Every entry below should be restated word for word, except for its images.

********************

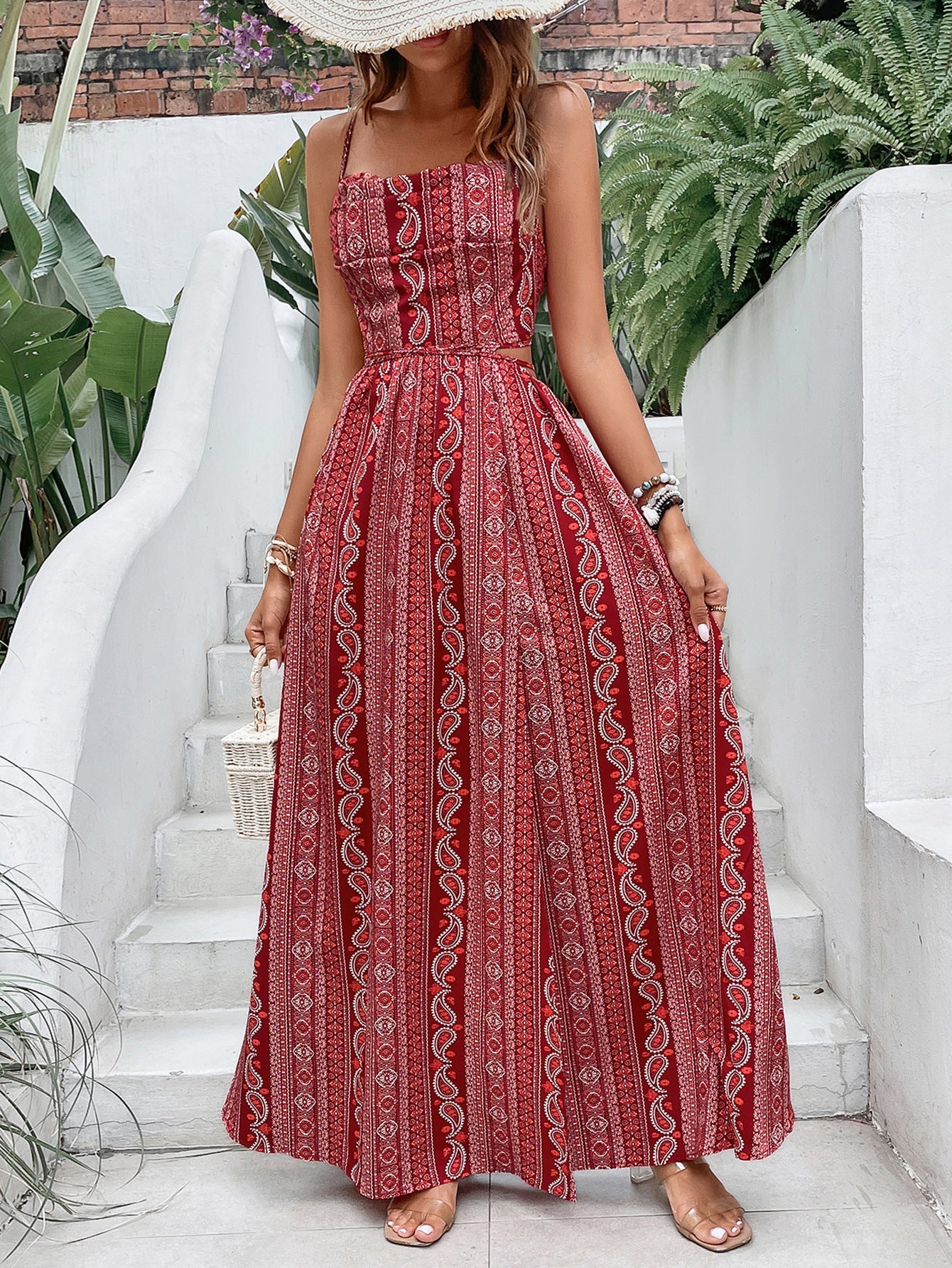 Slimming Bohemian Summer Slip Dress for Women | Trendy Casual Beach Dress Ooho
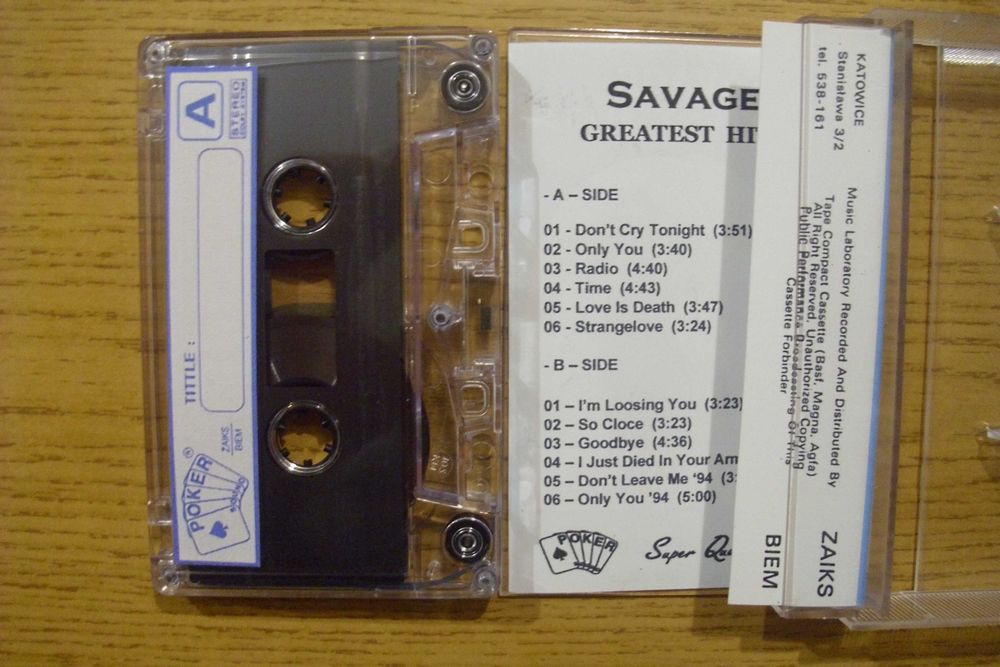 Savage - "Greatest Hits" kaseta w bardzo dobrym stanie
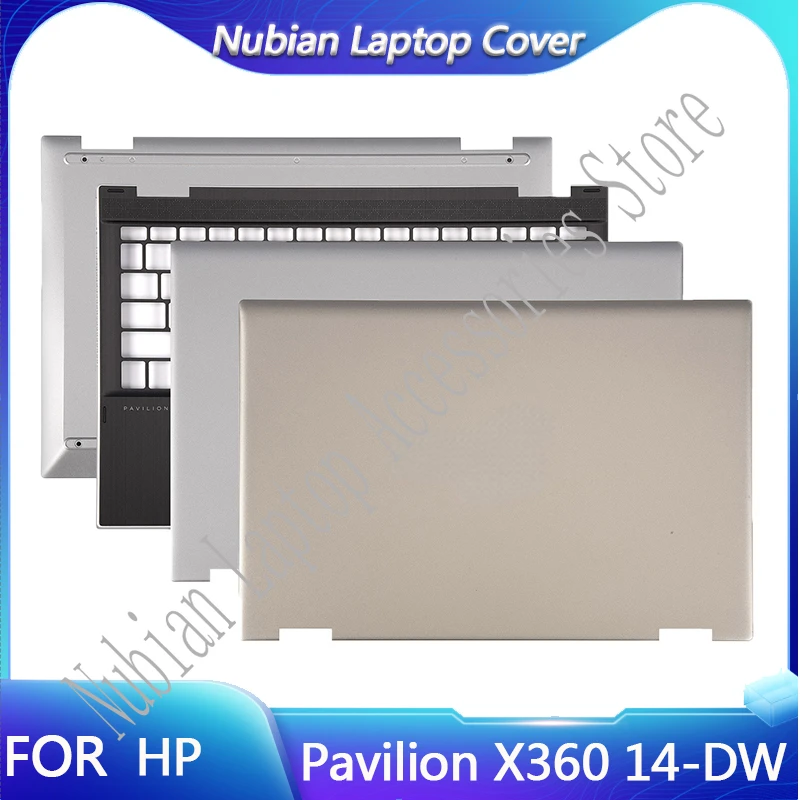 

NEW For HP Pavilion X360 14-DW 14M-DW Laptop LCD Back Cover L96483-001 L96484-001 L97987-001/Bottom Base Case Housing TOP Cover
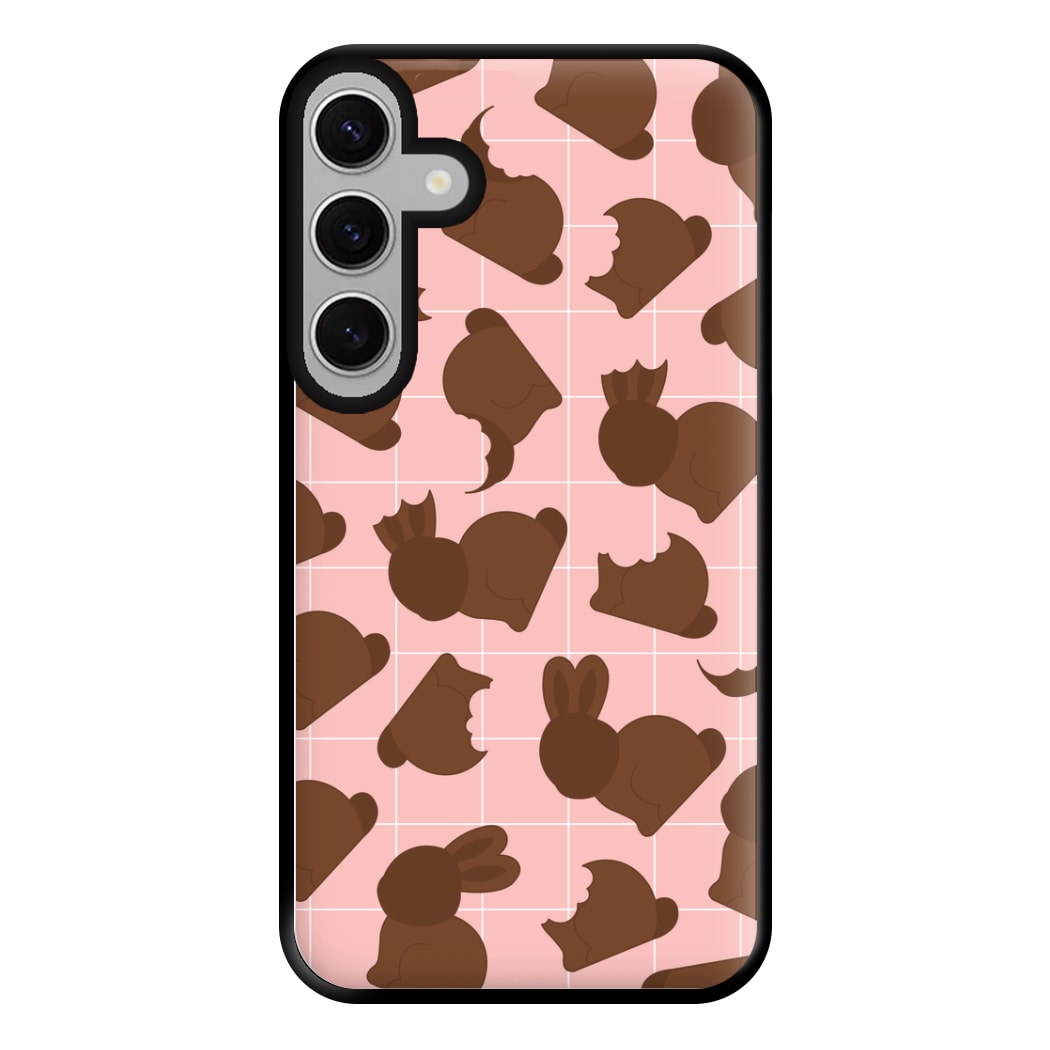 Chocolate Easter Bunny Pattern Phone Case for Galaxy S24FE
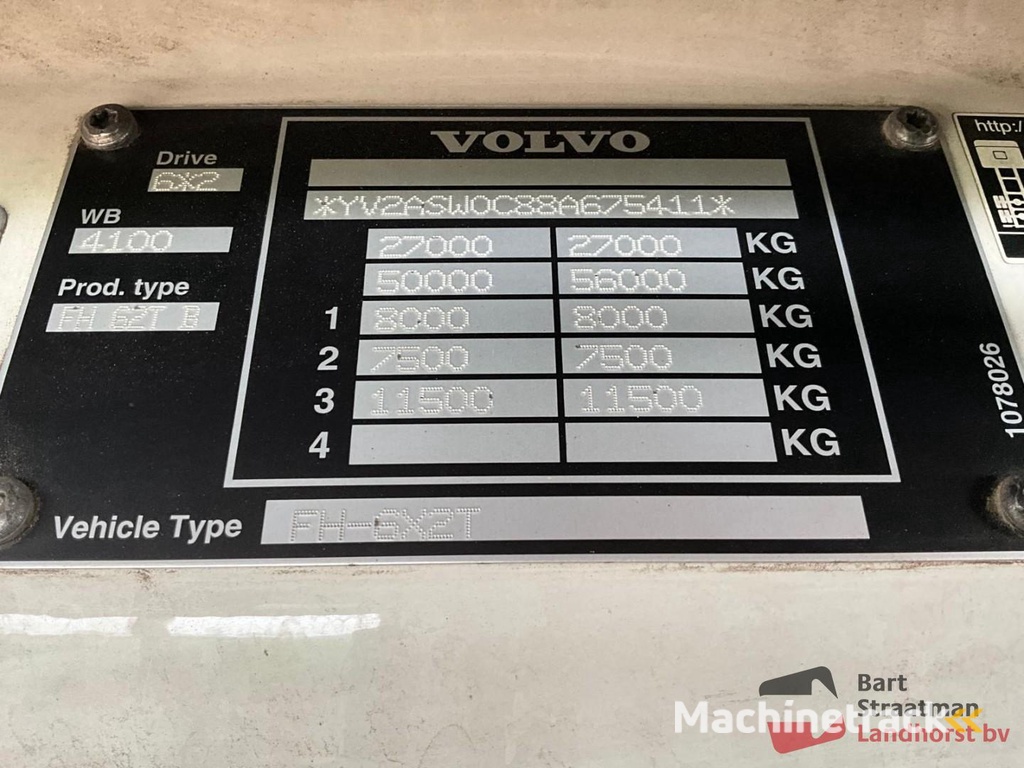 Volvo FH 480 6x2 Euro 5 Handbak met Hydrauliek en Naafreductie BS1641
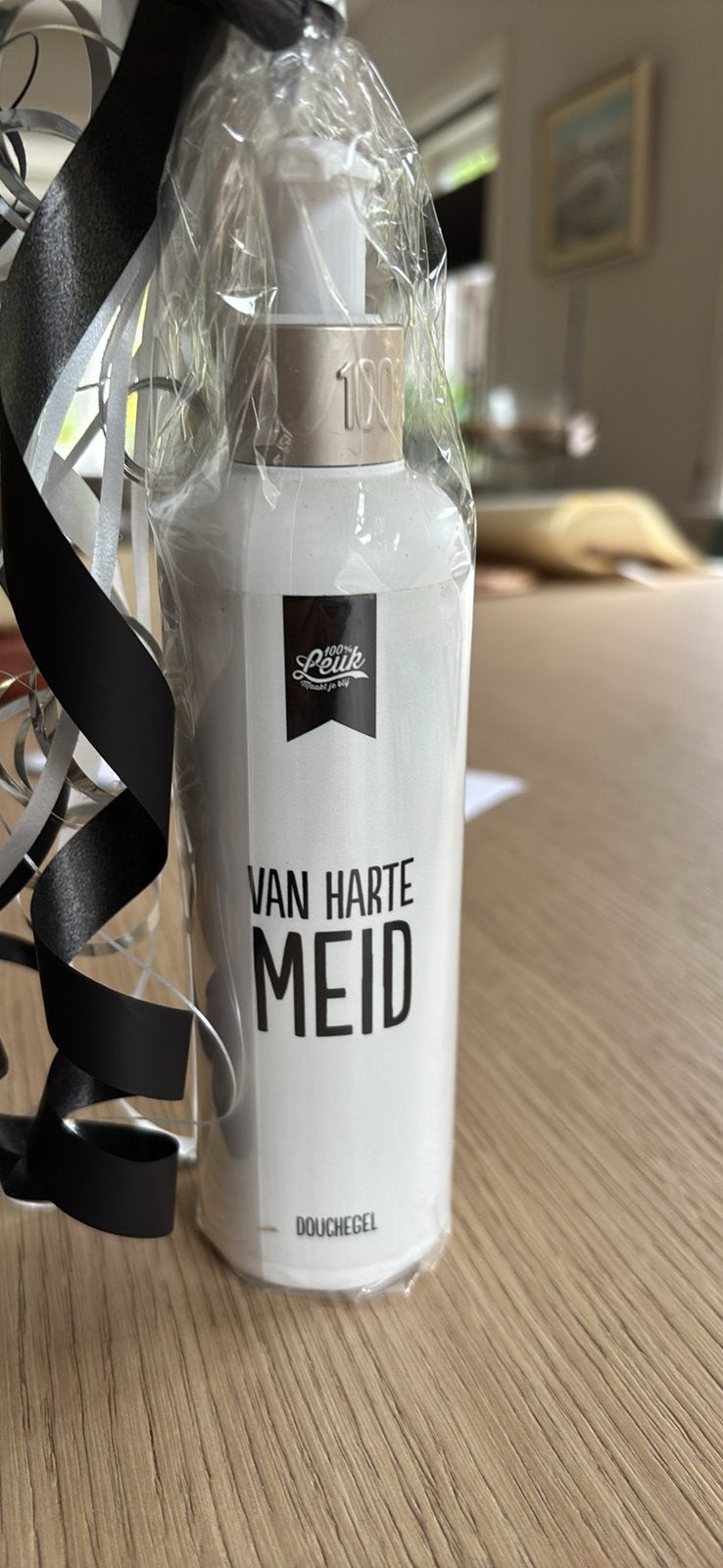 Leuke fles douchgel!!  (5 stuks), Ophalen of Verzenden, Zo goed als nieuw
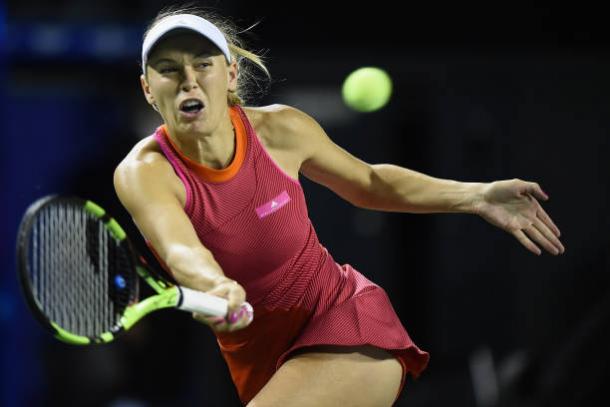 Wozniacki came through a big test to reach the last eight (Getty/Matt Roberts)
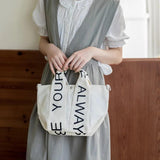 Canvas Shoulder Crossbody Women's Bag Tote Messenger Bag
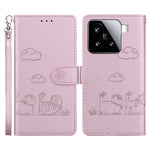 For Xiaomi 15 Case RFID Blocking Kitten Pattern TPU+PU Leather Phone Cover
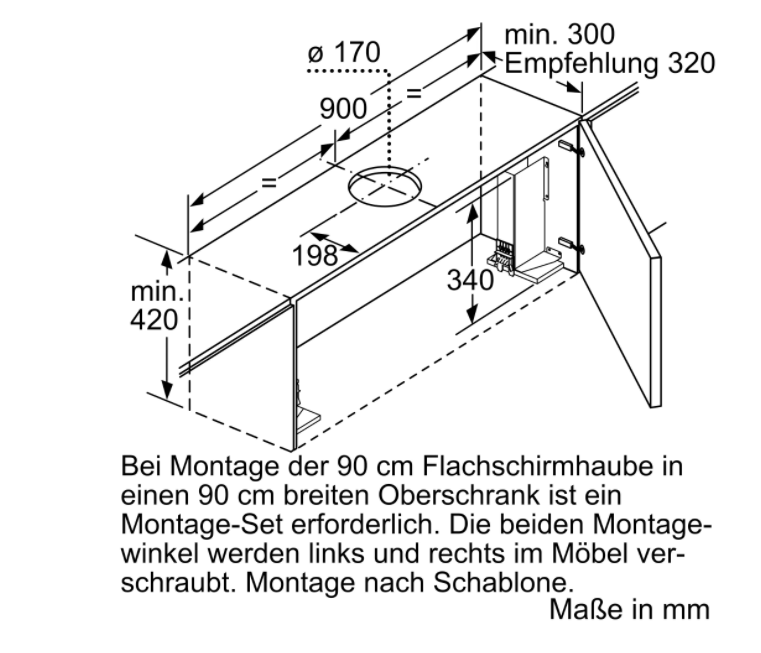 Bosch Ausstellungsstück DFR097A52 Serie 4 Flachschirmhaube 90 cm Silbermetallic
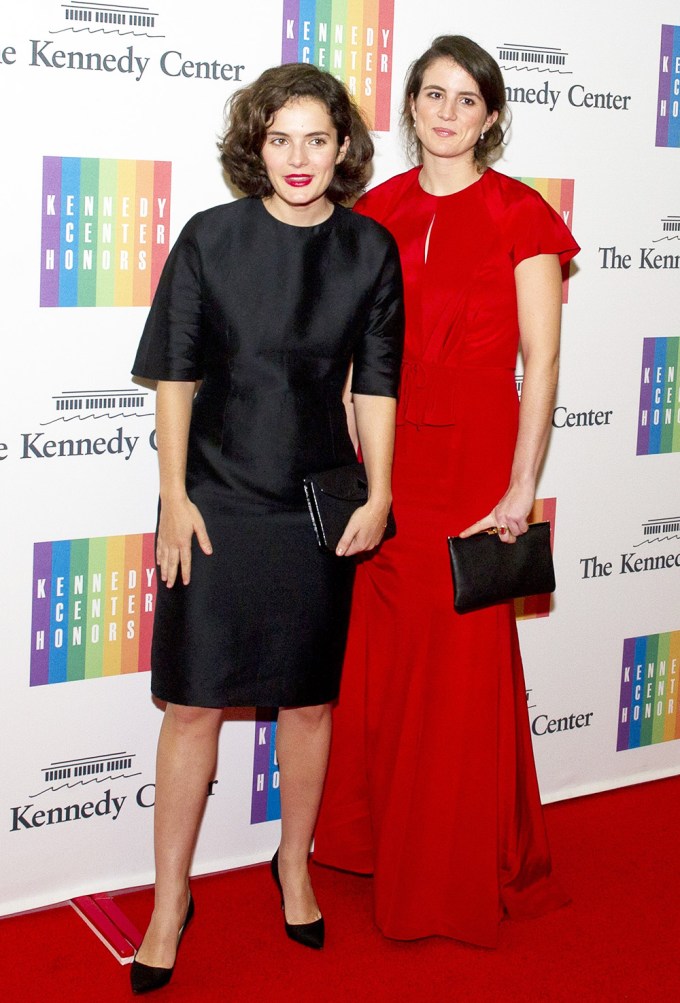 Rose Kennedy Schlossberg and Tatiana Schlossberg at the Kennedy Center Honors Gala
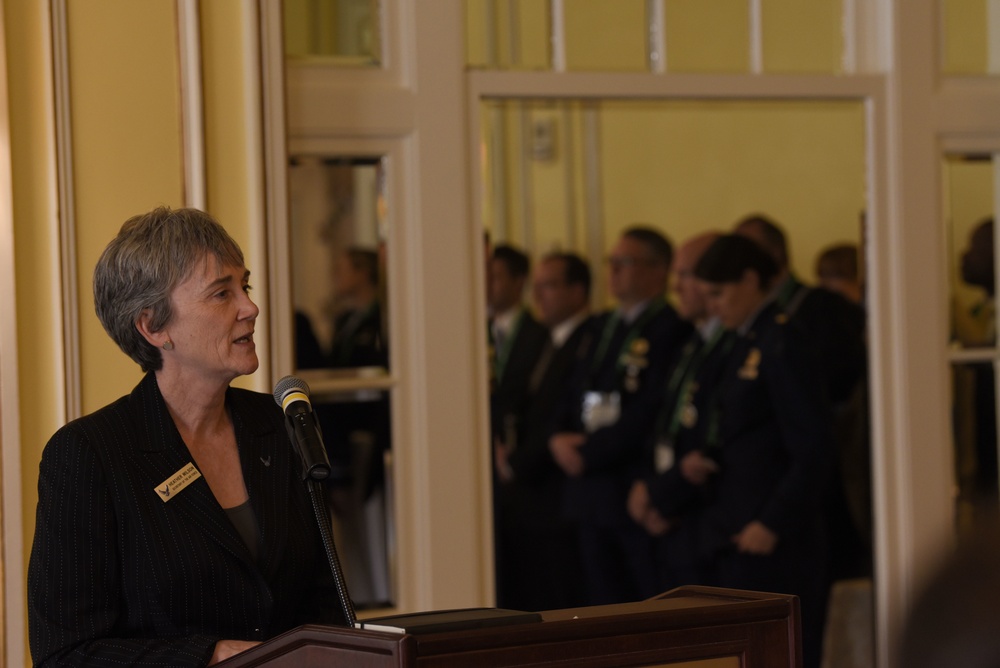 SecAF visits 35th Space Symposium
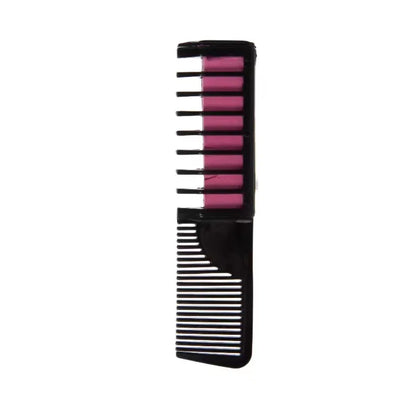 10-Color Hair Dye Comb Set – Multi-Color Disposable Hair Coloring Makeup Toy Kit for Girls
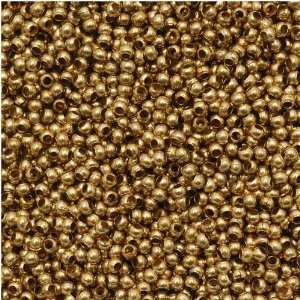   Beads 15/0 Gold Tone Gilding Metal 15 Grams Arts, Crafts & Sewing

********************

Response box:
 Slimming Bohemian Summer Slip Dress for Women | Trendy Casual Beach Dress Ooho
 Savage - "Greatest Hits" kaseta w bardzo dobrym stanie

NEW For HP Pavilion X360 14-DW 14M-DW Laptop LCD Back Cover L96483-001 L96484-001 L97987-001/Bottom Base Case Housing TOP Cover
 Chocolate Easter Bunny Pattern Phone Case for Galaxy S24FE
 Volvo FH 480 6x2 Euro 5 Handbak met Hydrauliek en Naafreductie BS1641
 Leuke fles douchgel!!  (5 stuks), Ophalen of Verzenden, Zo goed als nieuw
 Wozniacki came through a big test to reach the last eight (Getty/Matt Roberts)
 Canvas Shoulder Crossbody Women's Bag Tote Messenger Bag
 For Xiaomi 15 Case RFID Blocking Kitten Pattern TPU+PU Leather Phone Cover
 Bosch Ausstellungsstück DFR097A52 Serie 4 Flachschirmhaube 90 cm Silbermetallic
 Rose Kennedy Schlossberg and Tatiana Schlossberg at the Kennedy Center Honors Gala
 SecAF visits 35th Space Symposium
 10-Color Hair Dye Comb Set – Multi-Color Disposable Hair Coloring Makeup Toy Kit for Girls
   Beads 15/0 Gold Tone Gilding Metal 15 Grams Arts, Crafts & Sewing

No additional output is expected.